Monica Brancheau, the managing director of Ele’s Place Ann Arbor, which serves grieving children and families, also reports little change in donations so far. A few donors paid off multiyear pledges early to take the deductions in 2017, she says, “but otherwise the law doesn’t seem to have had any effect.”

Shelley Strickland, the vice president for development at the Ann Arbor Area Community Foundation, adds that the tax law preserved some important donor incentives.

“There was no change to the capital gains tax, which means that gifts of appreciated assets are taxed as they always have been,” Strickland says. “This has huge relevance because many people, especially retirees, have a lot of appreciated assets such as stocks that result in great tax savings” if they’re donated rather than sold. And “the TCJA did not change the IRA charitable rollover, which allows $100,000 per year of distributions to be directed to charity and not count as income. It’s basically an above-the-line deduction that is unchanged and a huge benefit when a retiree doesn’t need all of that income.”

The tax law could accelerate an already existing trend: particularly since the Great Recession, fewer middle- and lower-income people have been giving, making nonprofits more reliant on a smaller number of richer donors. Traditionally, nonprofit fundraisers have used the “80/20 rule,” expecting 80 percent of the funds raised to come from the top 20 percent of their donors. With increasing inequality in income and wealth in the U.S., that’s starting to skew closer to 90/10.

“A decade ago, more than 60 percent of American households, regardless of socioeconomic circumstances, supported a nonprofit organization philanthropically,” Richner says. “That figure’s down to slightly over 50 percent now.”

“There’s a much longer trend, spanning over a decade, of a shift of itemized giving, coming less from lower-income individuals, and more from higher-income individuals,” adds Ann Arbor Area Community Foundation president and CEO Neel Hajra, “and that simply reflects the national trend of more wealth concentrating in the higher-income bracket.”

That trend, coupled with the new tax law, could spell at least some trouble for area nonprofits that rely on lower- and middle-income donors for a larger share of their income.

“Nonprofits that work with a lot of individuals who give gifts in that $1,000 to $10,000 range, we’ve seen credible studies saying those are the nonprofits that should worry,” Hajra says, “and there are nonprofits who rely greatly on those kinds of major gifts to their operation.”

On the other hand, new forms of giving are emerging, from being able to text a $10 gift to help with a national disaster to the online Giving Tuesday movement after Thanksgiving and giving circles.

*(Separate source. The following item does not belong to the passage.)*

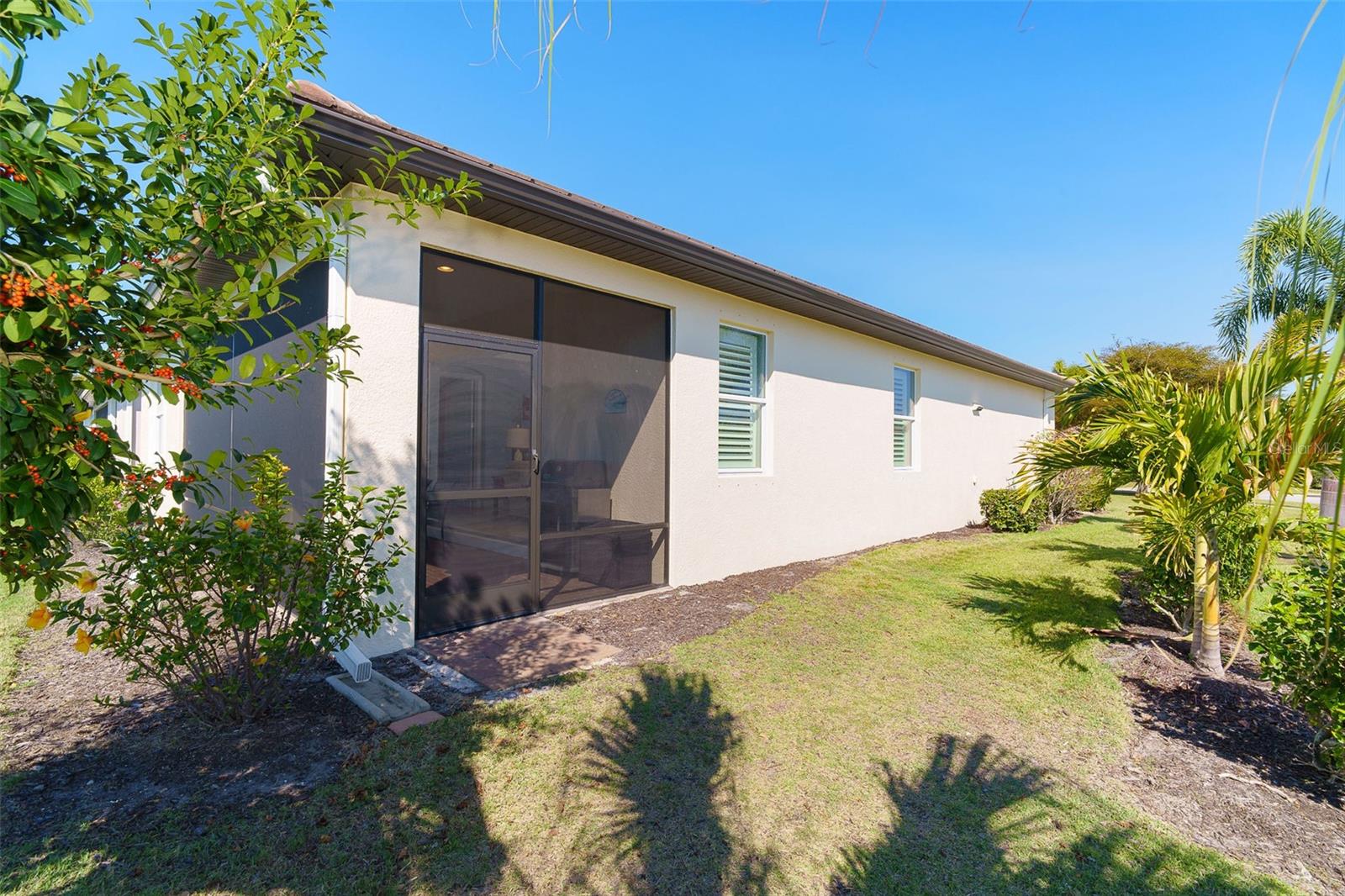 Listing photo id 21 for 2085 Piave Lane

These may be keeping lower-income people in the donor pool in ways that aren’t yet well understood.

“There’s actually a lot of hope,” says Strickland. “Both for the young generation still wanting to give, maybe in different ways, as well as for the vast amount of wealth that still is in play for philanthropy from an older generation, who will be passing that on to their heirs.”

Richner agrees. “Maybe I’m drinking the Kool Aid, but I do think in Ann Arbor, in the greater Washtenaw County area, we have a disproportionately high number of smart, sophisticated people who understand the correlation between having a healthy, vibrant, nonprofit sector that’s multifaceted and the overall strength and vitality of our community. It bodes extremely well for the local nonprofit sector.”